Restate word for word the lines of the entries below, starting with the line that holds "Varkenswangetjes met Mechels donkerrood bier" and ending with the line that holds "Wide Leg Pantalon à plis Pull&Bear en gris", and no others.

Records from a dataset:
────────────────────

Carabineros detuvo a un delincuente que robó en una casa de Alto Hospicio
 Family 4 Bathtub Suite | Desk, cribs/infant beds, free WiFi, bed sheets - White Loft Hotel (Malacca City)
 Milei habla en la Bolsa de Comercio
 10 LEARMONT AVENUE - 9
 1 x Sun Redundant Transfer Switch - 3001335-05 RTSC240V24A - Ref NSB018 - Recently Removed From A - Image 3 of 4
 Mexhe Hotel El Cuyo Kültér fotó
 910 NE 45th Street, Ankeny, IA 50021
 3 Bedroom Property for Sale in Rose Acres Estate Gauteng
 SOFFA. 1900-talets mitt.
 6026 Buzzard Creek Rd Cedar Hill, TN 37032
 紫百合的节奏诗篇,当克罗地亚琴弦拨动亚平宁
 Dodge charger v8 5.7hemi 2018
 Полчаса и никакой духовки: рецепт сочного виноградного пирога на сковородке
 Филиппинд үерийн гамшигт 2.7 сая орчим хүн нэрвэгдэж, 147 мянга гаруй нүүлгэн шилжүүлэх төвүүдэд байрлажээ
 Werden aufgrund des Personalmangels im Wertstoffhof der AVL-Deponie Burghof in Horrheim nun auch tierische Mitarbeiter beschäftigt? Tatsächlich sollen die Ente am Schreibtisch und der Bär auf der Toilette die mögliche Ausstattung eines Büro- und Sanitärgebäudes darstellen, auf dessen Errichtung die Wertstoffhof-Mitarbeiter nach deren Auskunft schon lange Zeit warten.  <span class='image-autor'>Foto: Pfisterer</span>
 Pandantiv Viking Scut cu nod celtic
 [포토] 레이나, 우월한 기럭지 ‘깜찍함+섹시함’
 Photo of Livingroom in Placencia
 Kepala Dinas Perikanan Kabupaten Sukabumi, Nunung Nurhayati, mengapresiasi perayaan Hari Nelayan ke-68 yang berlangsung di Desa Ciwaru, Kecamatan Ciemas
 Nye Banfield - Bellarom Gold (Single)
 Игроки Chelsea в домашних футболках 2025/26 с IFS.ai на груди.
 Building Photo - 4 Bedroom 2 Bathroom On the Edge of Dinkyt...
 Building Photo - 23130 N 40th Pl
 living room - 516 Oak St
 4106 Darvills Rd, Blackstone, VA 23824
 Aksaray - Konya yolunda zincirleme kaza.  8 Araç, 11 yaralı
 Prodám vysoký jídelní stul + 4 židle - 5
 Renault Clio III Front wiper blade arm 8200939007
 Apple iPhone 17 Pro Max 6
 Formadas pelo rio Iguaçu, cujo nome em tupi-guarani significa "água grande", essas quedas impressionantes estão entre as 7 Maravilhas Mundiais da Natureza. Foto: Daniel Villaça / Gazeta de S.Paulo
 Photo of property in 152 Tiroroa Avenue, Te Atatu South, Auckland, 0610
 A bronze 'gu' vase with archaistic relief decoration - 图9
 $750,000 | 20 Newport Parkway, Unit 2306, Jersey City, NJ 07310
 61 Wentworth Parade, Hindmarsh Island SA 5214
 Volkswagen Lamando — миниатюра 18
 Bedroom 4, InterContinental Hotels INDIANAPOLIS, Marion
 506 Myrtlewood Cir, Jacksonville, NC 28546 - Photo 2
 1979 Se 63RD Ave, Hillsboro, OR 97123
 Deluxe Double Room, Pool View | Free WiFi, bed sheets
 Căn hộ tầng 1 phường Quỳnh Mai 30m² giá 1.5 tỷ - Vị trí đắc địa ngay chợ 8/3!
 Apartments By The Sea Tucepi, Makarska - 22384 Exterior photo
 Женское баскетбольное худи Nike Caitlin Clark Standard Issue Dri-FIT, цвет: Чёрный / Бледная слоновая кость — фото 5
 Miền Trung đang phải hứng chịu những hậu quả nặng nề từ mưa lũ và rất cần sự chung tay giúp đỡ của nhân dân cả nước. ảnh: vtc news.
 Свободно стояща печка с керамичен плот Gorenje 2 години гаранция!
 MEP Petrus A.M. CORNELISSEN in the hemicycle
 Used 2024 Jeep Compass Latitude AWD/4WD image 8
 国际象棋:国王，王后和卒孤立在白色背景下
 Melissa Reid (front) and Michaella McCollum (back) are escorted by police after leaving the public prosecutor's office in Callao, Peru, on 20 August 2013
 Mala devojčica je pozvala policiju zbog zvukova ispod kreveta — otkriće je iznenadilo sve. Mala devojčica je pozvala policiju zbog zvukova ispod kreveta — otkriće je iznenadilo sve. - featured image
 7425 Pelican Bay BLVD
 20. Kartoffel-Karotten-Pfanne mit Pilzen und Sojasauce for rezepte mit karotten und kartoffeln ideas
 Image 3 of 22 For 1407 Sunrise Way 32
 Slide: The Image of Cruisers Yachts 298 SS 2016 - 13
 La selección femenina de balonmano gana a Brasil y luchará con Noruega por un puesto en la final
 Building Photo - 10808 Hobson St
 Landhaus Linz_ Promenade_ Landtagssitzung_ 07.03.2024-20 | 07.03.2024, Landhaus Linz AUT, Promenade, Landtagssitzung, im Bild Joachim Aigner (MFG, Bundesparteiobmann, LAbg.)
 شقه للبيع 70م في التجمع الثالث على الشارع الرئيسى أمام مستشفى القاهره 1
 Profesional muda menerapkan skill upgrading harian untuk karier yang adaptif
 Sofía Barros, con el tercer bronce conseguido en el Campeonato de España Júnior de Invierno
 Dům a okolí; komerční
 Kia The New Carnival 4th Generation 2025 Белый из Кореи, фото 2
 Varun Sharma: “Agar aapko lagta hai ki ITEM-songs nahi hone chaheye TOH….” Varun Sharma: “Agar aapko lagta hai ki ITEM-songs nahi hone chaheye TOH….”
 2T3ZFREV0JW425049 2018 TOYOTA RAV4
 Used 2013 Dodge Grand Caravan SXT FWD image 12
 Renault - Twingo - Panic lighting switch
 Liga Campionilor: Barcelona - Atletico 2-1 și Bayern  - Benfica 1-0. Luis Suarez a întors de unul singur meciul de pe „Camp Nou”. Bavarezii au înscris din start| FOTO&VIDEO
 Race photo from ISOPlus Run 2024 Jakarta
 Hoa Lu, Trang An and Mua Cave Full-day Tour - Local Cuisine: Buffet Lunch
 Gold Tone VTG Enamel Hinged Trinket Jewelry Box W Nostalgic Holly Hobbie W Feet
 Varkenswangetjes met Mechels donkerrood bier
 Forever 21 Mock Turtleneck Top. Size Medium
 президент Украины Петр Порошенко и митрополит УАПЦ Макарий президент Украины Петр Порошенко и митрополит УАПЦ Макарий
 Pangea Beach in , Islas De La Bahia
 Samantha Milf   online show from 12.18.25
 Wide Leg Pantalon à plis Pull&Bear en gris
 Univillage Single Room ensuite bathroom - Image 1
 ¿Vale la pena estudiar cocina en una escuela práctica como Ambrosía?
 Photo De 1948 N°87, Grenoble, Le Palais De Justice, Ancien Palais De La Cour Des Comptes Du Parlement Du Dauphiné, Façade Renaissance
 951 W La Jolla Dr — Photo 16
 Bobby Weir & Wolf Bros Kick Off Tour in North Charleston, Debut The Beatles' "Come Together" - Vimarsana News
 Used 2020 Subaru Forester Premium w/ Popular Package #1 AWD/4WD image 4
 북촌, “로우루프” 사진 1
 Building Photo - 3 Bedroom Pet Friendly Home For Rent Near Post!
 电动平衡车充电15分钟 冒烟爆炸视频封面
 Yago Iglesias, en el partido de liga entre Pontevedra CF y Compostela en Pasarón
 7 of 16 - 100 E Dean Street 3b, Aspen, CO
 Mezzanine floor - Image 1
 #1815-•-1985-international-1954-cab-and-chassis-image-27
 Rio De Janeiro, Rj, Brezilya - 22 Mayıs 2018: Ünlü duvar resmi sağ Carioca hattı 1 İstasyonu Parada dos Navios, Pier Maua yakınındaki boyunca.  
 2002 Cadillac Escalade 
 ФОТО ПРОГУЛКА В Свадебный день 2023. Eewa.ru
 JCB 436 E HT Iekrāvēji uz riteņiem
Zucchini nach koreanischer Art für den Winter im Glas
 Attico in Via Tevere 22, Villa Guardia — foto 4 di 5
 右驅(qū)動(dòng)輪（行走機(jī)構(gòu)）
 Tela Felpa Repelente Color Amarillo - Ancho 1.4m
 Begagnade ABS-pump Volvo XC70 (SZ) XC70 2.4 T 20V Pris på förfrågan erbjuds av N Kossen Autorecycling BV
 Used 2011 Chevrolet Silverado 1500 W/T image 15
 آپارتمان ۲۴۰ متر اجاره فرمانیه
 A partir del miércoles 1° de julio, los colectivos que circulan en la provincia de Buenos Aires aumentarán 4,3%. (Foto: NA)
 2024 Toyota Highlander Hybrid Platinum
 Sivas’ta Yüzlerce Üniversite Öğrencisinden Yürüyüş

────────────────────

Task output |
 Varkenswangetjes met Mechels donkerrood bier
 Forever 21 Mock Turtleneck Top. Size Medium
 президент Украины Петр Порошенко и митрополит УАПЦ Макарий президент Украины Петр Порошенко и митрополит УАПЦ Макарий
 Pangea Beach in , Islas De La Bahia
 Samantha Milf   online show from 12.18.25
 Wide Leg Pantalon à plis Pull&Bear en gris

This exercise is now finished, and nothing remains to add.